Fifth Circuit Determines That Louisiana Nonresident Attachment Statute Allows for Attachment in Aid of Arbitration
On second rehearing and after submitting a question to the Louisiana Supreme Court, the Fifth Circuit determined that the Louisiana nonresident attachment statute allows for attachment in aid of arbitration. The underlying case involved competing claims from creditors for the pig iron on board a ship anchored in New Orleans. The Louisiana Supreme Court answered the certified question by stating that the statute “allows for attachment in aid of arbitration if the origin of the underlying arbitration claim is one pursuing money damages and the arbitral party has satisfied the statutory requirements necessary to obtain a writ of attachment.”

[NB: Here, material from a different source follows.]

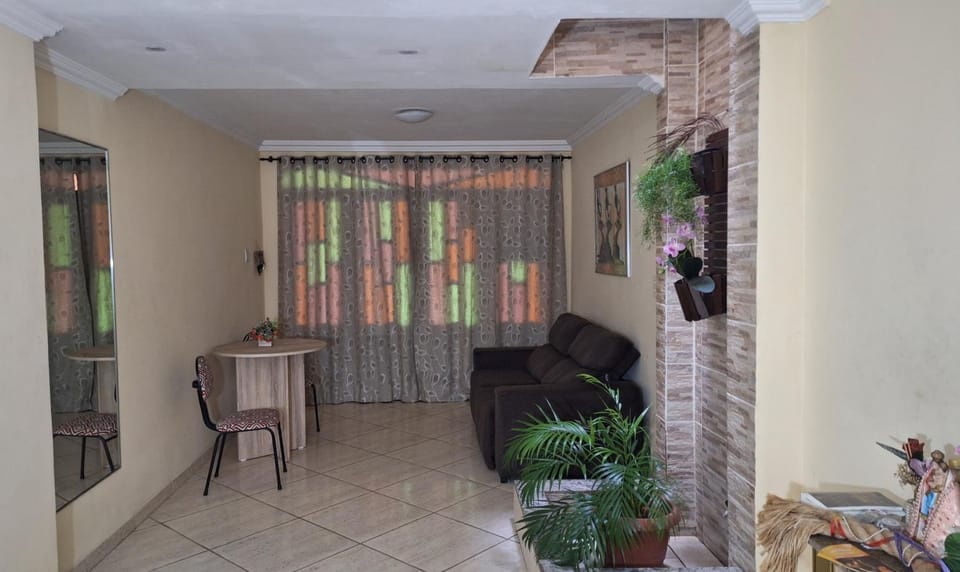 Aconchego da Marci Grande quarto confortável House in Belém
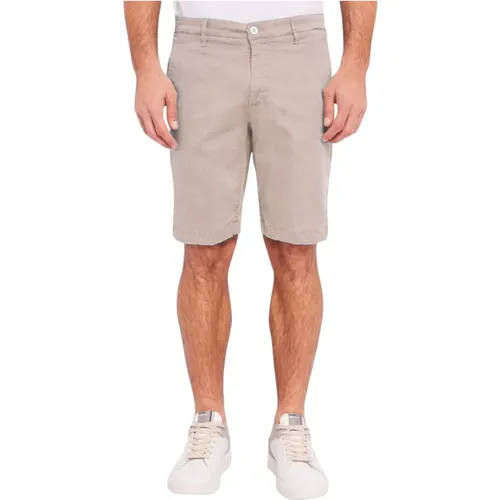 Bermuda Shorts , male, Sizes: W32, W29, W33, W30 - Gaudi - Modalova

Louisiana’s attachment statute permits a writ of attachment to be obtained “in any action for a money judgment, whether against a resident or a nonresident, regardless of the nature, character, or origin of the claim, whether it is for a certain or uncertain amount, and whether it is liquidated or unliquidated.” The Fifth Circuit found the underlying action seeking to compel arbitration to be an “action for a money judgment” as the plaintiff had “made it clear from the outset” that it was pursuing a money judgment. “The ‘nature, character, or origin of the claim’ just happens to be arbitration.” Since the plaintiff had brought an action for a money judgment (in this case, an arbitration), the statute permitted the issuance of a writ of attachment, and therefore the requirements of the nonresident attachment statute had also been met, per the Louisiana Supreme Court’s guidance.
Stemcor USA Inc. v. Cia Siderurgica do Para Cosipar, No. 16-30984 (5th Cir. June 25, 2019).